Food Waste Audits
2009 Audit
A second round of food waste audits, this time conducted in Nelson Dining Hall, took place during dinner throughout the week of October 5- October 8th, 2009. These audits found amounts of edible food waste slightly lower than audits in Jefferson Dining Hall conducted during the winter of 2008. The first waste audits revealed that Ohio U generates significantly more food waste than comparable colleges and universities. Both audits measured only edible food disposed of by student consumers, not kitchen waste, inedible food waste (banana peels, bones, apple cores) or trash. Detailed results for the Jefferson audits can be viewed at the bottom of this page.

Two happy plate cleaners
The audits in Nelson took place over the course of four days. For the first three days, workers were shielded from view so that knowledge of the audits would not influence results. On Monday and Wednesday, the audits gathered baseline data for the amount of food thrown away at an average meal. On Tuesday, the dining hall offered smaller “sample” size portions of the main entrees at two stations in hopes that this would allow students to take only the food they intended to eat.

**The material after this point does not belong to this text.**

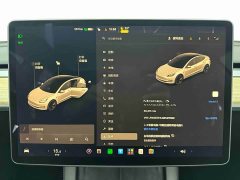Tesla Model 3 Standard Range RWD Upgrade - ფოტო 13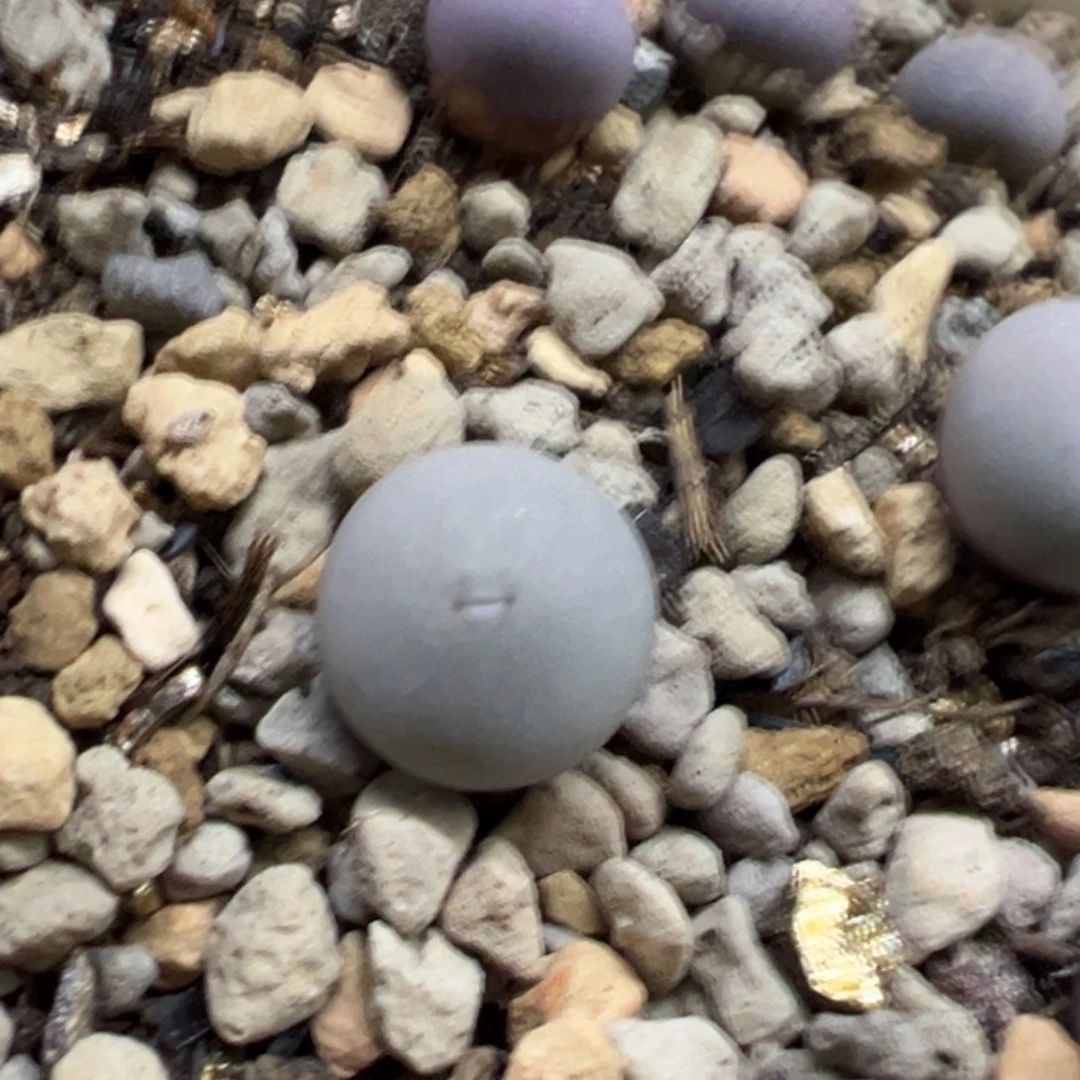 超级v嘴多肉植物多肉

On Thursday, the Office of Sustainability held a compost theme dinner to educate students about the results of the first three days of audits, and to generate enthusiasm with a make-your-own compost (dirt) pudding station and holding a raffle for students who had no food waste. Photos of students eligible to enter the drawing (sporting nifty newspaper crowns as rewards) are featured on the Facebook page for the Office of Sustainability.
The results of the food waste audits at Nelson Dining Hall found:
Monday (baseline)- 467 lbs. of food waste for 1348 people, at 5.54 oz/person
Tuesday (sample size portions)- 393 lbs. for 1344 people, at 4.68 oz/person
Wednesday (baseline)- 429 lbs for 1349 people, at 5.09 oz/person
Thursday (theme dinner)- 395 lbs. for 1286 people, at 4.91 oz/person
Students leaving dinner on Thursday were asked to participate in an exit survey to measure attitudes toward food waste and reduction efforts. Results of this survey (taken by 116 volunteers) found that 84% of students entirely support efforts to reduce food waste in the dining halls and 12% “somewhat” support these efforts. A majority of students were either “Very” (33%) or “Somewhat” (45%) concerned about the amount of food waste they generated at dinner. A nearly equal number of students (45% “yes” compared to 46% “no”) said they would be willing to pay extra per meal for the inclusion of fair trade, organic, and/or local food into dining hall meals (one to two dollars more, on average) as those who would not be willing to pay for these products.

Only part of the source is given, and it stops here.